When I think of the MX-04, I like to think of some Mazda pitchman at an auto show hyping it up like a the host of a TV commercial for a hair removal cream or earwax vacuuming device on late-night cable television:

"That's right! Not one, not two, but three two-seat sports cars in one! A deal you'll only find from Mazda, and only if you call in the next 45 minutes! But wait — there's MORE! If you look under the hood of the MX-04 concept... you'll find a rotary engine, folks! It SPINS!"


At this point you're enthralled, rapt with attention at the wonderful thing the pitchman has shown you, positive this invention will change your life for the better. But you have a question: How does it turn into three different cars?

Modular body panels, that's how! The idea was that by adding or subtracting different body panels, you could turn the MX-04 into a open-top roadster, a roofed coupe, or a totally stripped-down sports car sort of like an Ariel Atom. Modular cars have existed (mostly in concept form) for decades, and this was one of the more interesting ones to come along.


Plus, it's an early, gonzo prototype take on the car that's the answer to everything. What's not to love?

What was it? A two-seat sports car concept that debuted at the 1987 Tokyo Motor Show. There had been MX-02 and MX-03 concepts before this one, but the MX-04 was most similar to the MX-5 Miata in development at the time. (Those other two cars look like they had at least some influence on later, other Mazda cars.) By removing and adding different panels, it could transform into other cars.


What were the specs? Front engine, rear-wheel drive, with fiberglass removable body panels. Under the hood, when there was one, sat a 150 horsepower rotary engine, likely pulled from the contemporary RX-7.

What else made it special? According to Brian Long's book Mazda MX-5 Miata: The Book of the World's Favourite Sportscar, the MX-04 concept shared suspension features later seen on the Miata like unequal length upper and lower arms, and the backbone chassis of both cars were developed by the same guy.

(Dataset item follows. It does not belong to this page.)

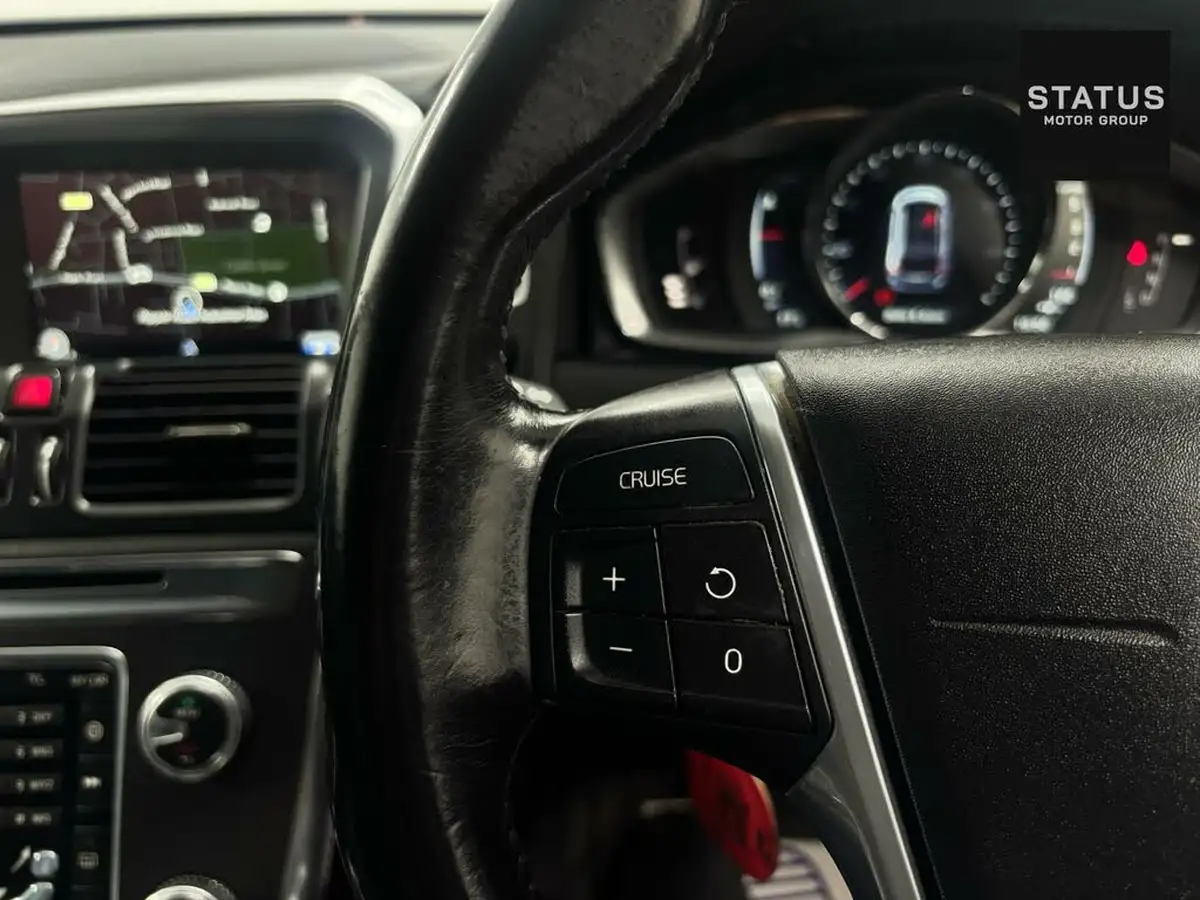 2015-volvo-xc60-24td-d5-se-lux-220bhp-ss-geartronic-big-19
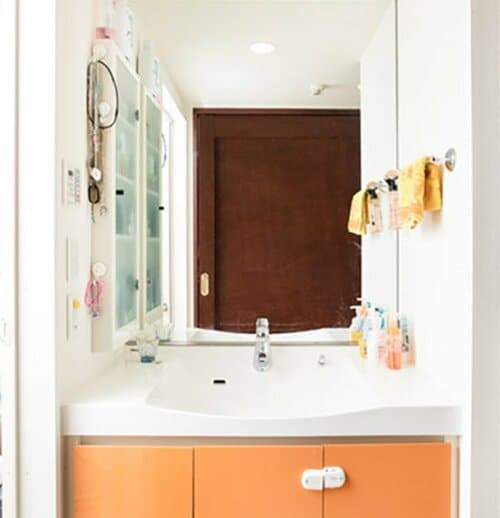 せっかくの吊り下げ収納も「かけすぎ」は失敗のもと！ イメージ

Neat!


What did it look like on the inside? Most importantly, it had three pedals and a stick, like a proper Mazda should. The interior is pretty bare-bones compared to the rest of the car, but it had some neat features too. This Orlando Sentinel article said the MX-04 had a hands-free phone, "safety monitor for vital systems," and a tach that spun up to 12,000 RPM.

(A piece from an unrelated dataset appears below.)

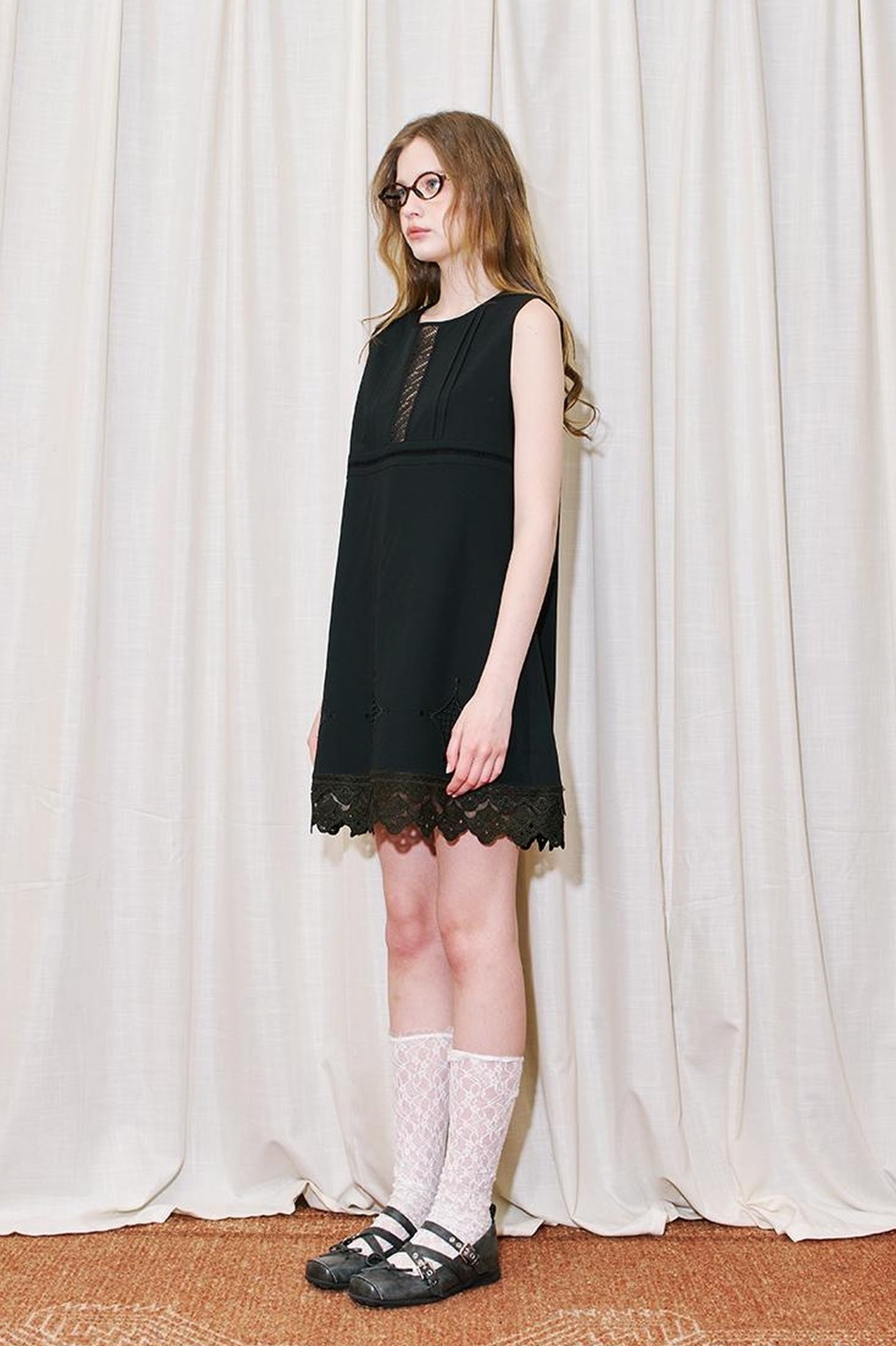 DIDDI MODA Lace Star Cutout Dress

Did it actually run? Maybe? It had a real engine under the hood.

Was it ever planned for production? No clue. I'm guessing not, as the MX-5 was already in development at the time.

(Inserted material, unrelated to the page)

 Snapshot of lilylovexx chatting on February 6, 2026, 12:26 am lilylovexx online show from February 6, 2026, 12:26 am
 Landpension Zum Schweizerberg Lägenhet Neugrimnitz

Should it have been produced? I love the idea of the modular body panels, and I really wish we would see that idea on more production cars. But for the MX-04 I'm kind of leaning toward no. It kind of goes against the spirit of the Miata, which is a simple, bare-bones, open-top sports car. You start making that more complex and you lose the plot.

Then again, as I have written before, bubble-era Mazda was batshit crazy, so maybe they could have made their neat modular rotary sports car in addition to the Miata and the RX-7.


Hey, if they could somehow justify production of a mid-engine gullwing kei car, why the hell couldn't they do it for this thing?